── Given records ──

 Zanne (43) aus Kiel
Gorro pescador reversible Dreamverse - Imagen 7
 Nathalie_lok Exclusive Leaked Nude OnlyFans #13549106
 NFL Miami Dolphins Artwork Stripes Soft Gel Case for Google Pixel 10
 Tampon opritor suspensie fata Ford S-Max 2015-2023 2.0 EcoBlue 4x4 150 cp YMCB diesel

───
── Given records ──

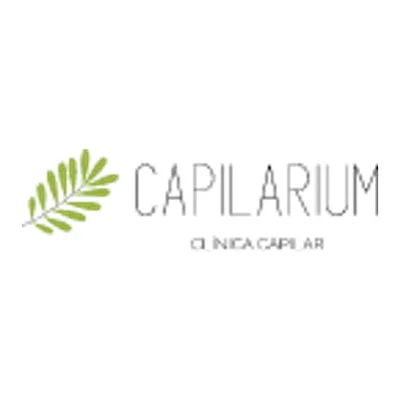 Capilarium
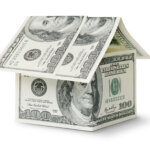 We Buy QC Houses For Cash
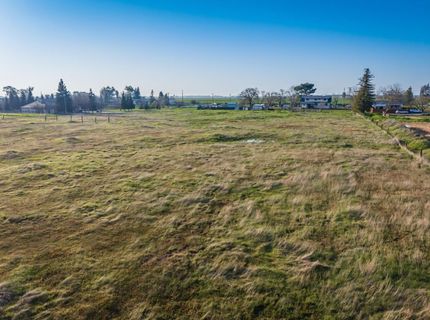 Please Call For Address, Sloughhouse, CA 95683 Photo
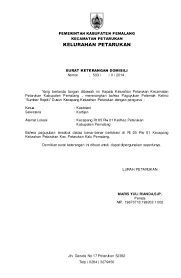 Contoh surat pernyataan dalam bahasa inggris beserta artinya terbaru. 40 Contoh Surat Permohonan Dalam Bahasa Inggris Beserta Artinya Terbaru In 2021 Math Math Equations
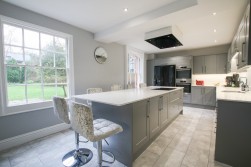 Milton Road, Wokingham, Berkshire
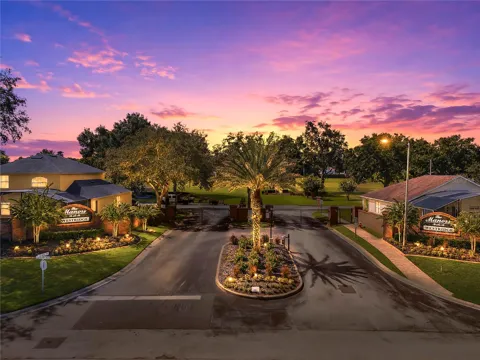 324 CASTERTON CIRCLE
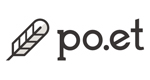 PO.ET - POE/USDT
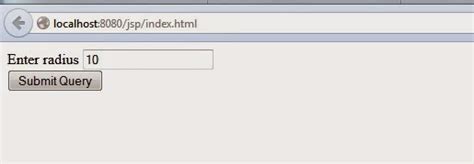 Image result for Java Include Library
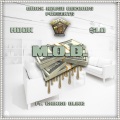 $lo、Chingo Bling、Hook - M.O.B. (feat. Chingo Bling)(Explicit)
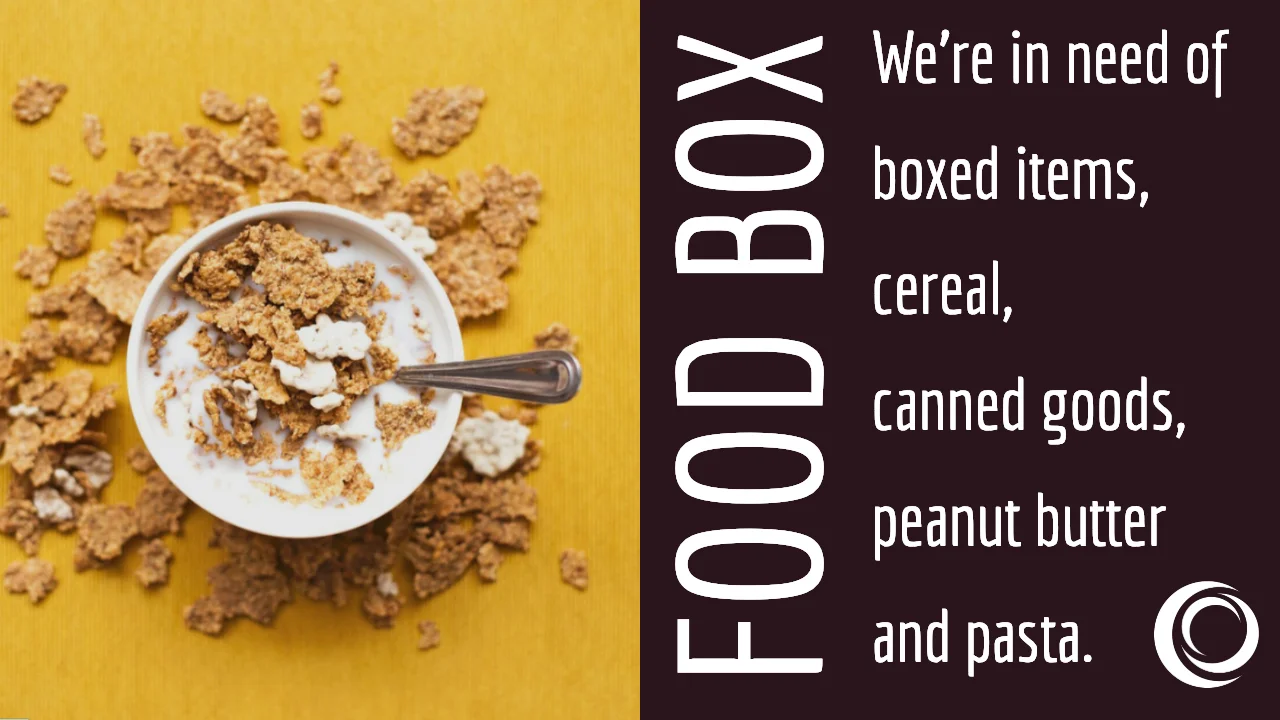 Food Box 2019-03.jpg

───

# Work request:
For this task, write out exactly the lines of the entries above, starting at the line with "Zanne (43) aus Kiel" and ending at the line with "Tampon opritor suspensie", both included, and no others.

# Exercise solution:
 Zanne (43) aus Kiel
Gorro pescador reversible Dreamverse - Imagen 7
 Nathalie_lok Exclusive Leaked Nude OnlyFans #13549106
 NFL Miami Dolphins Artwork Stripes Soft Gel Case for Google Pixel 10
 Tampon opritor suspensie fata Ford S-Max 2015-2023 2.0 EcoBlue 4x4 150 cp YMCB diesel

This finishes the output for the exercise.